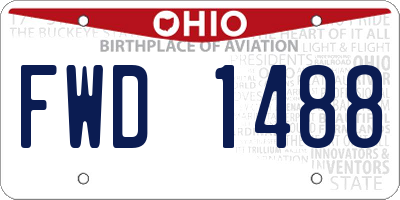 OH license plate FWD1488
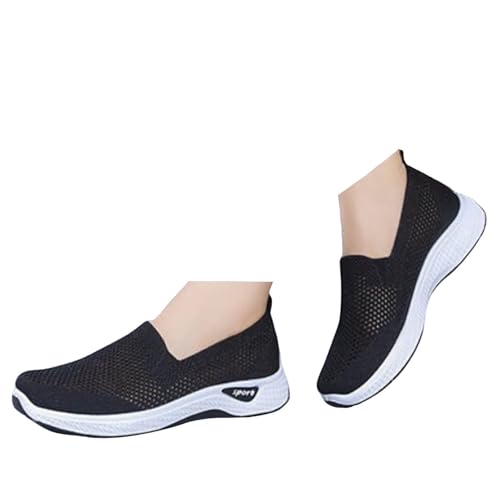 Xbemkste Freizeitschuhe Damen Slip On Sneaker Mesh Atmungsaktive Bequem Trachtenschuhe Sommerschuhe Flache Schuhe Leichte Turnschuhe Lässige Walkingschuhe (40) von Xbemkste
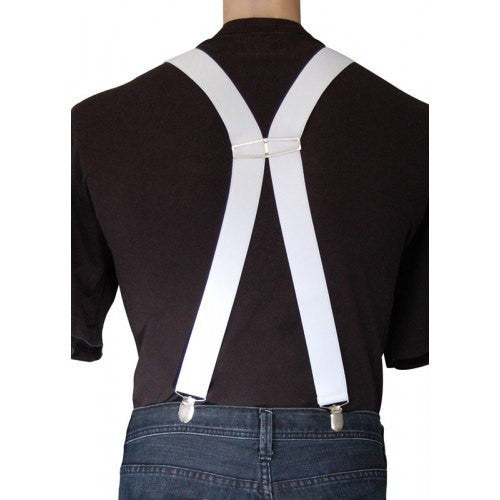 HOWARD - Mens Classic White Fashion Braces  - Belt N Bags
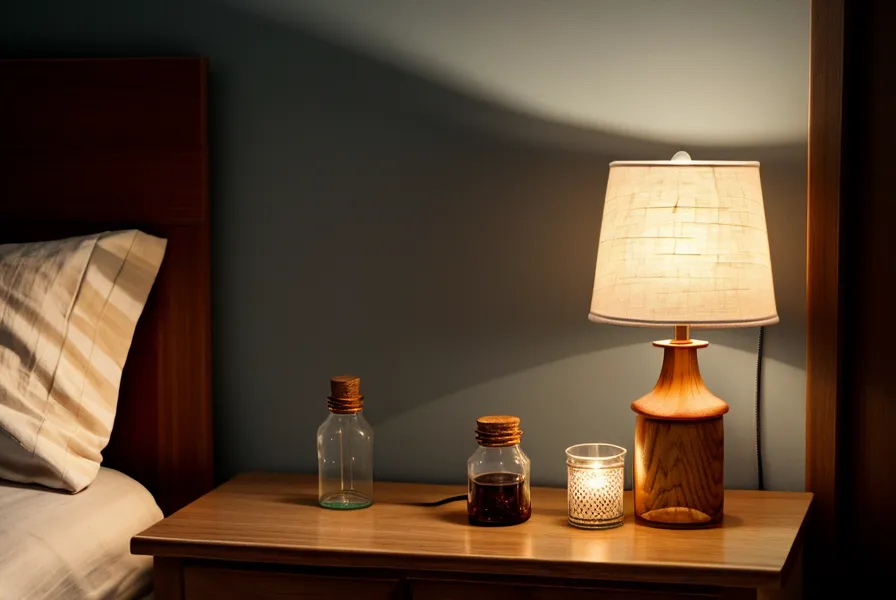 Table de chevet épurée avec huile essentielle de cèdre, un détail simple pour un environnement intime propice au lâcher-prise sexuel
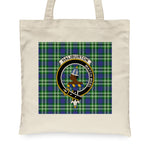Canvas Tote Bags Royal Scottish Haliburton Clan Badge Tartan Plaid Tote Bag - Scotstee Shop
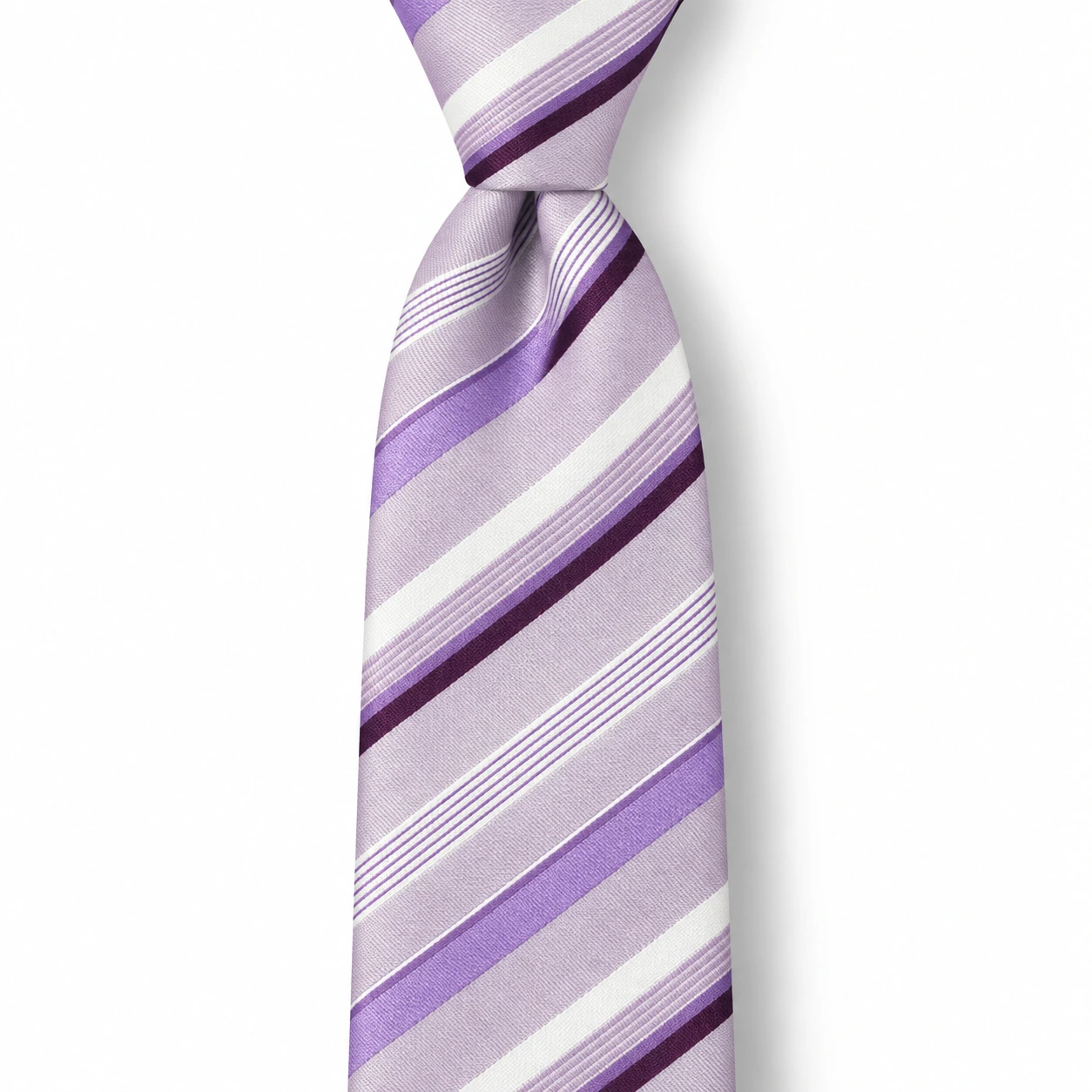 Lavender and Purple Diagonal Stripe Skinny Tie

**Prompt:** Each line from the one containing "Canvas Tote Bags" through the end of the listing is to be set down exactly, with all pictures left out.

**Task result:**
Canvas Tote Bags Royal Scottish Haliburton Clan Badge Tartan Plaid Tote Bag - Scotstee Shop
 Lavender and Purple Diagonal Stripe Skinny Tie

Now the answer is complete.